Segment Open

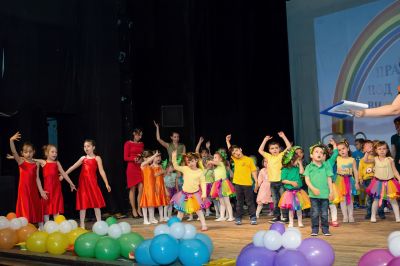 Випуск 2017 - ЧДГ Чебурашка - град Варна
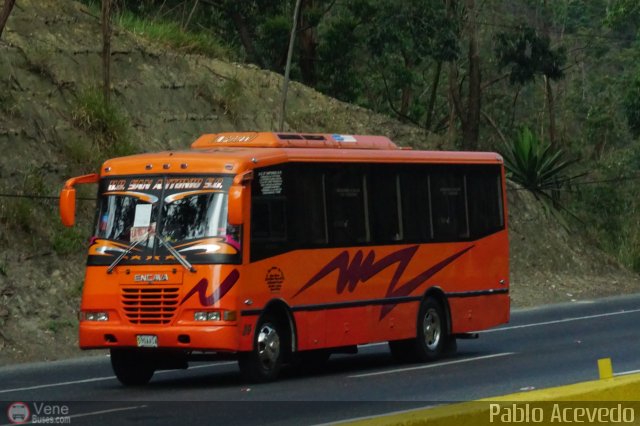 U.C. San Antonio S.C. 016 por Pablo Acevedo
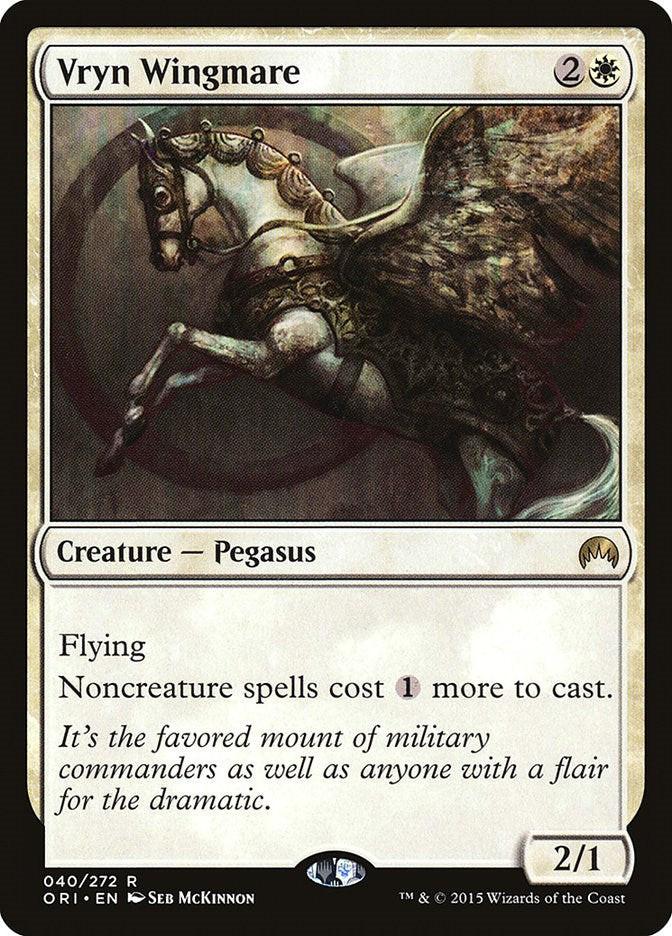 Vryn Wingmare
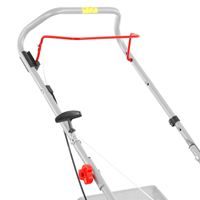 Petrol lawn mower - HECHT 5408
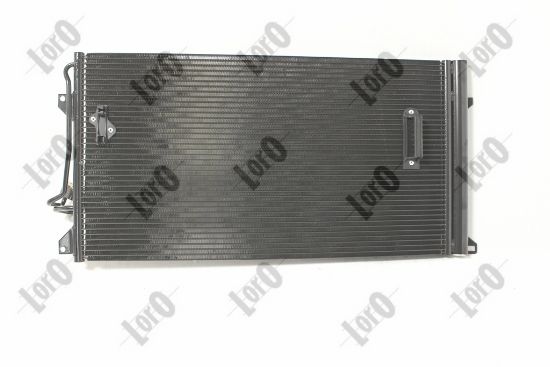 ABAKUS Kondensor, klimaanlæg 0030160020 for VW AUDI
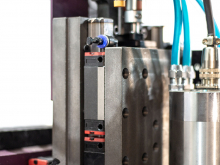 Фрезерно-гравировальный станок с ЧПУ Cutter CH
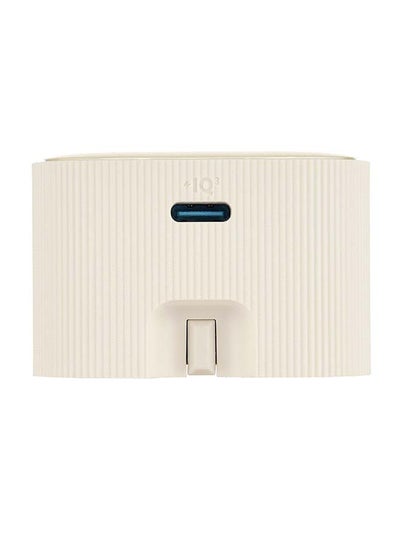 Buy Nano Wall Charger USB Type-C 30W - White in Saudi Arabia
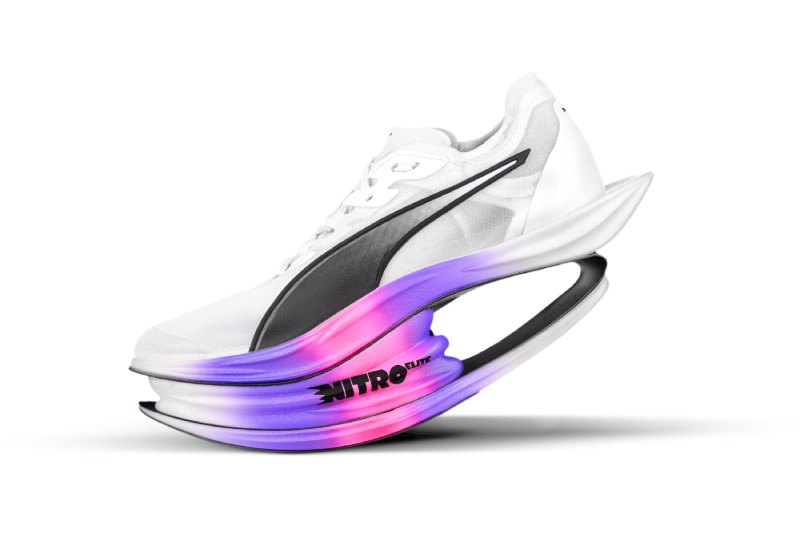 Zapatillas de deporte más avanzadas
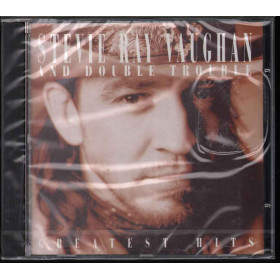 Stevie Ray Vaughan And Double Trouble CD Greatest Hits Sigillato 5099748102522 Stevie Ray Vaughan And Double Trouble CD Greatest Hits Sigillato 5099748102522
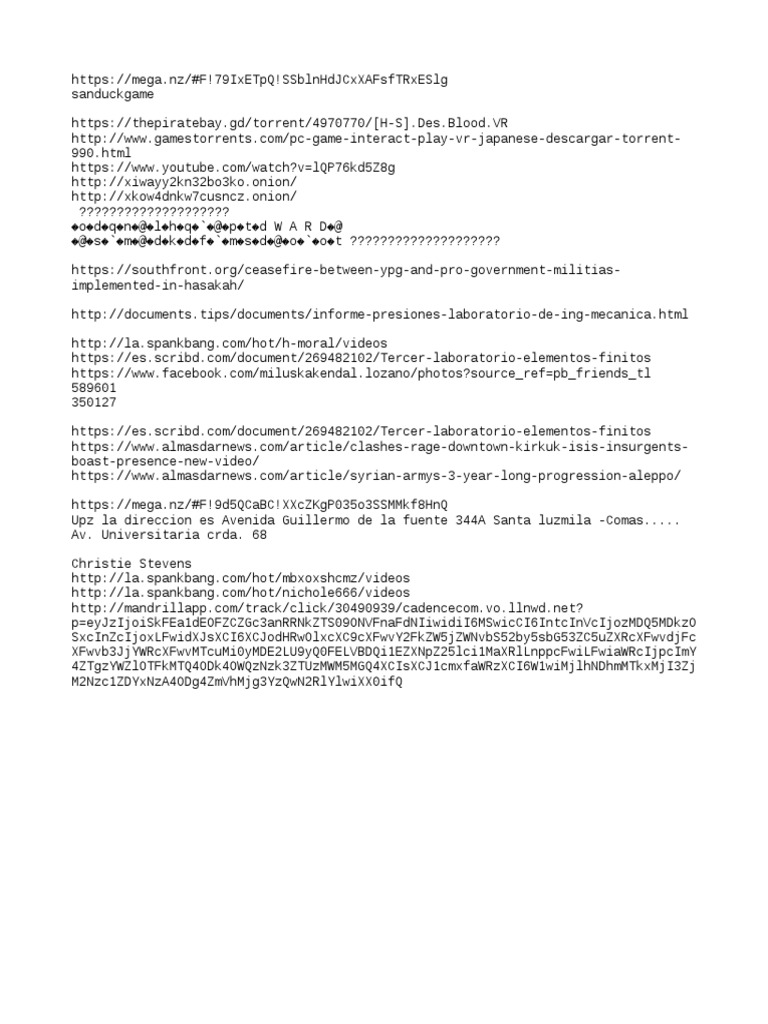 Impo! | PDF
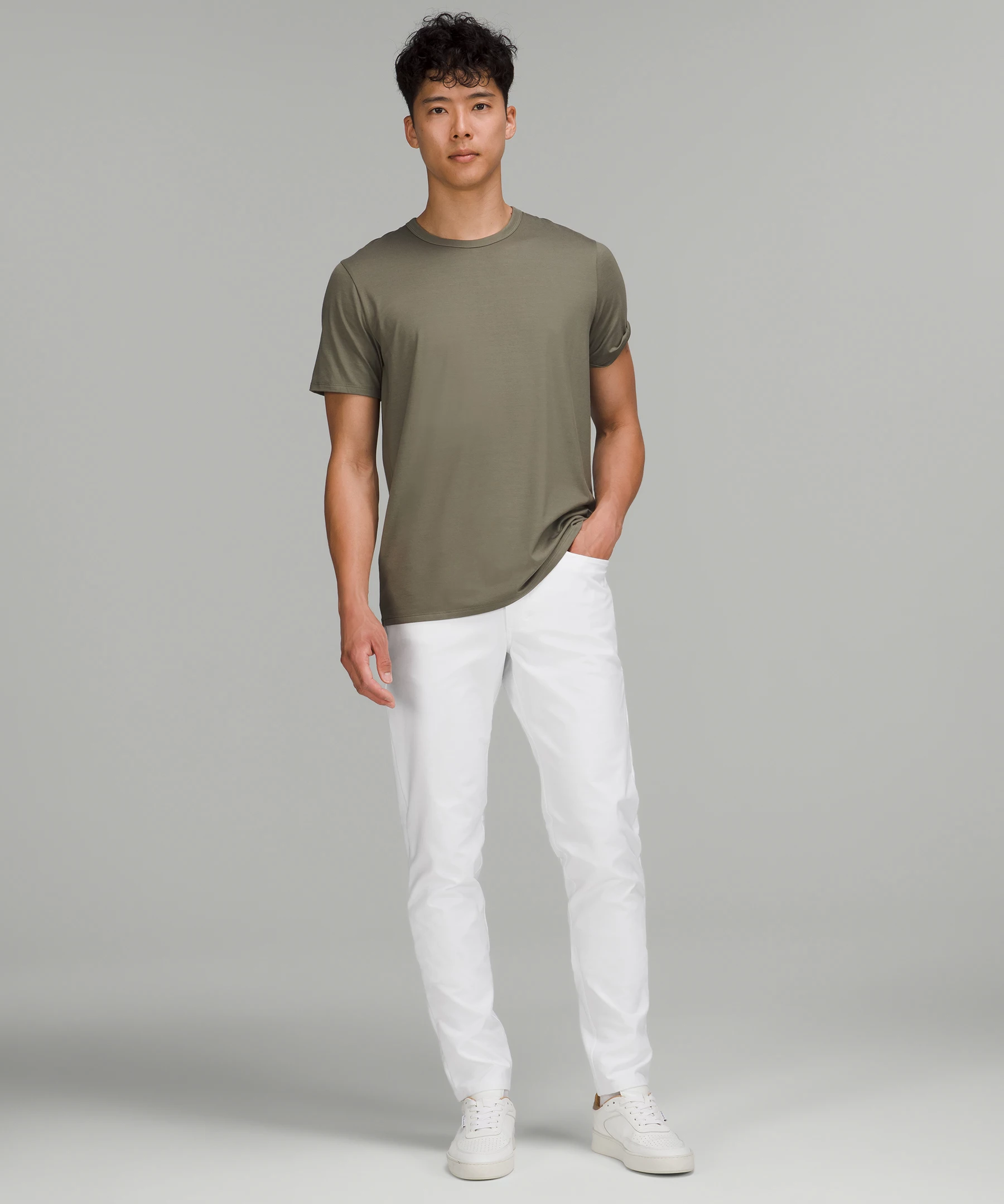 ABC Slim-Fit Pant 32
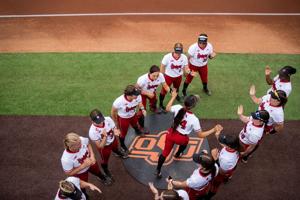 Revelle has coached special teams before, but here's how the 2022 Husker softball squad set itself apart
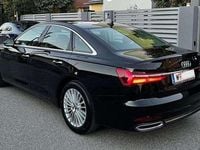 Gebraucht Audi A6 163 PS (119 kW) 2019 Schwarz Limousine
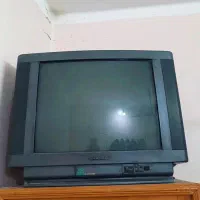 تلویزیون شهاب در حد نو همراه با دوعدد کنترل|تلویزیون و پروژکتور|شوشتر, |دیوار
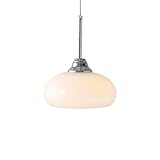 La douille de l'applique murale est une douille standard E26/E27, compatible avec les ampoules Edison, incandescentes, fluocompactes et LED. Le luminaire est entièrement compatible avec un variateur lorsqu'il est utilisé avec une ampoule à intensité variable et un variateur compatible. (Ampoules non fournies)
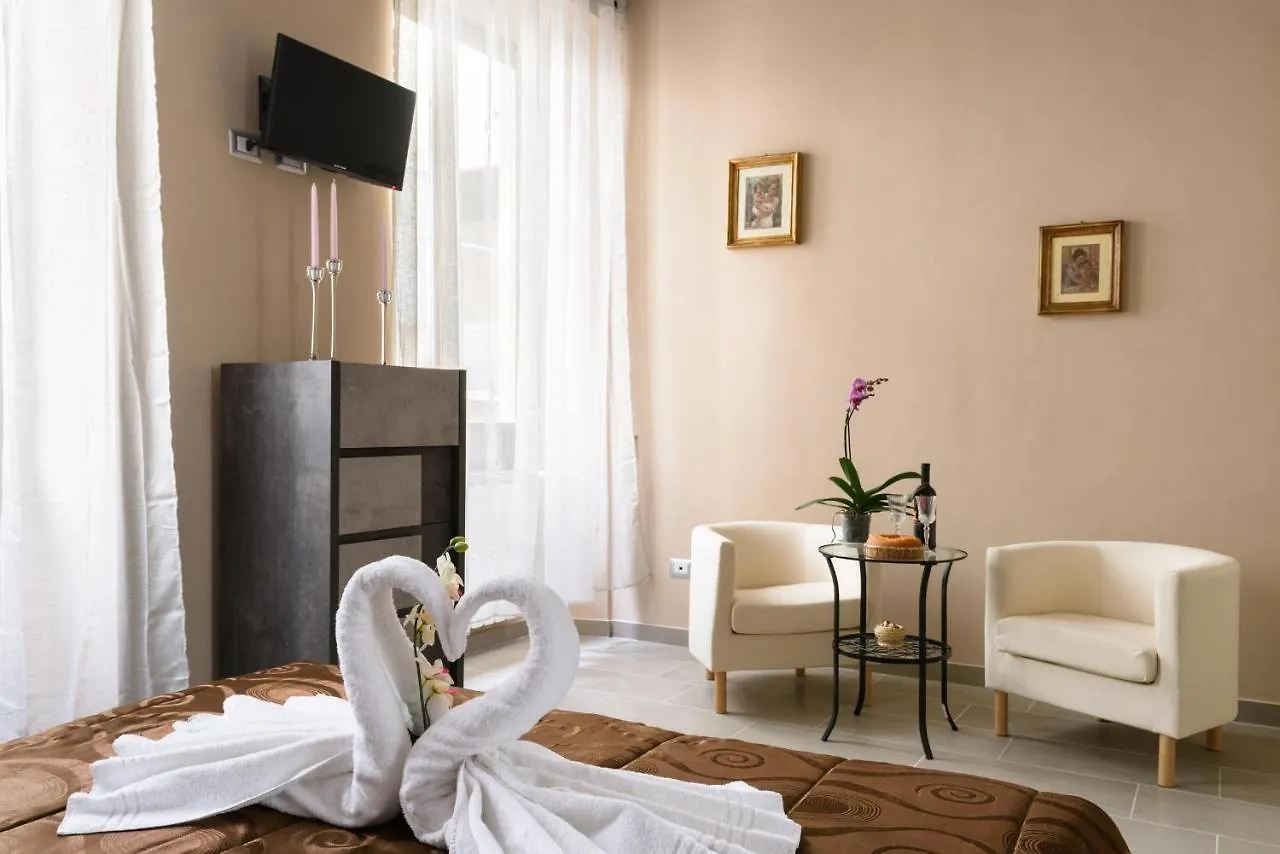 Pinzochere Suite Firenze Olaszország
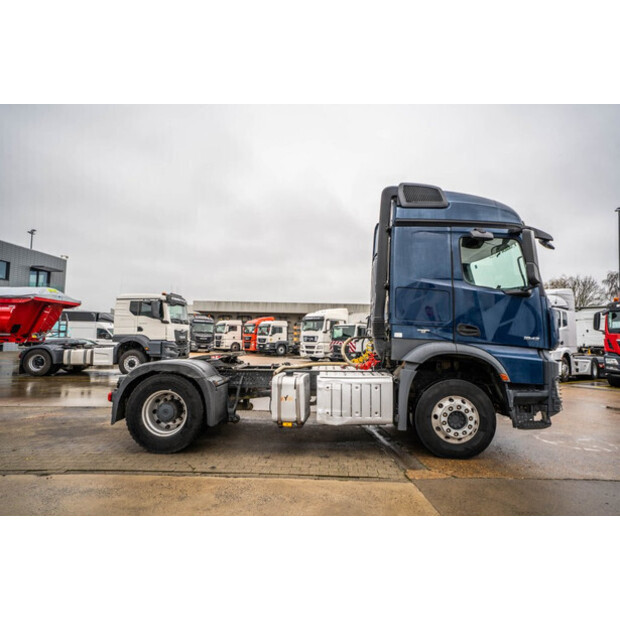 2014 Mercedes-Benz AROCS 1843 LS-43896469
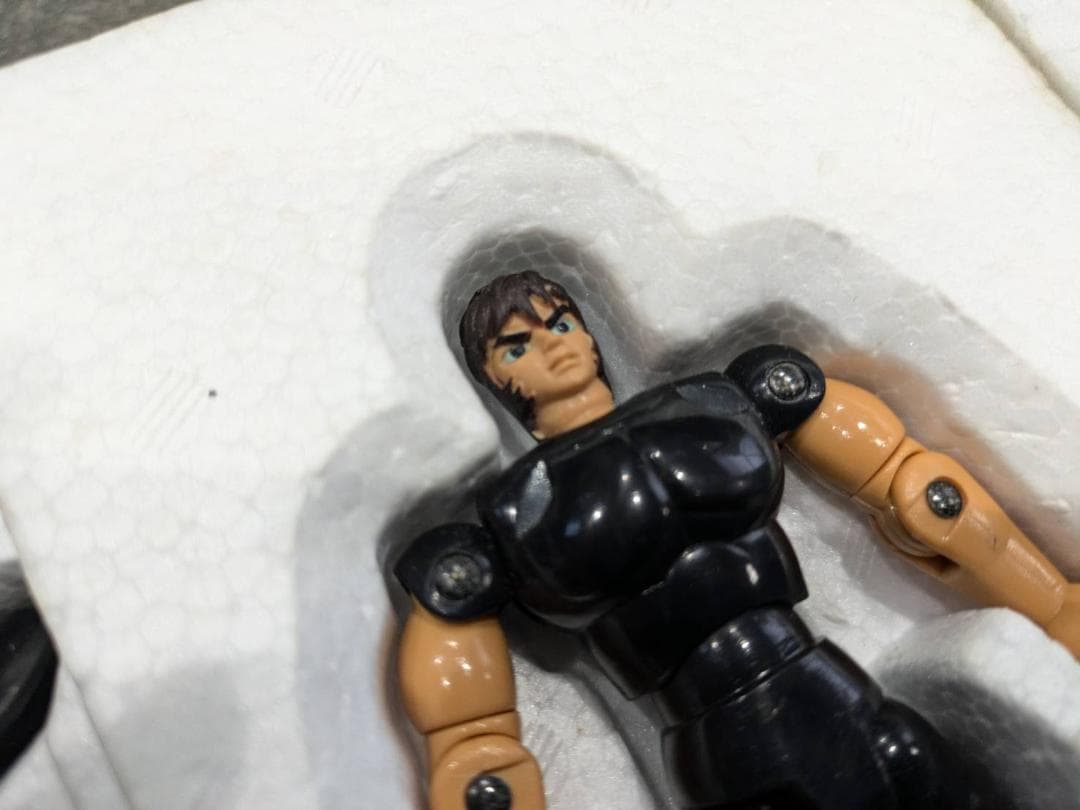 希少！美品 聖闘士星矢 限定暗黒聖衣 ブラックフェニックスクロス フィギュア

Segment Closed

Write the records out exactly once more, leaving off the pictures.

 Випуск 2017 - ЧДГ Чебурашка - град Варна
 U.C. San Antonio S.C. 016 por Pablo Acevedo
 Vryn Wingmare
 Petrol lawn mower - HECHT 5408
 ABAKUS Kondensor, klimaanlæg 0030160020 for VW AUDI
 Фрезерно-гравировальный станок с ЧПУ Cutter CH
 Buy Nano Wall Charger USB Type-C 30W - White in Saudi Arabia
 Zapatillas de deporte más avanzadas
 Stevie Ray Vaughan And Double Trouble CD Greatest Hits Sigillato 5099748102522 Stevie Ray Vaughan And Double Trouble CD Greatest Hits Sigillato 5099748102522
 Impo! | PDF
 ABC Slim-Fit Pant 32
 Revelle has coached special teams before, but here's how the 2022 Husker softball squad set itself apart
 Gebraucht Audi A6 163 PS (119 kW) 2019 Schwarz Limousine
 تلویزیون شهاب در حد نو همراه با دوعدد کنترل|تلویزیون و پروژکتور|شوشتر, |دیوار
 La douille de l'applique murale est une douille standard E26/E27, compatible avec les ampoules Edison, incandescentes, fluocompactes et LED. Le luminaire est entièrement compatible avec un variateur lorsqu'il est utilisé avec une ampoule à intensité variable et un variateur compatible. (Ampoules non fournies)
 Pinzochere Suite Firenze Olaszország
 2014 Mercedes-Benz AROCS 1843 LS-43896469
 希少！美品 聖闘士星矢 限定暗黒聖衣 ブラックフェニックスクロス フィギュア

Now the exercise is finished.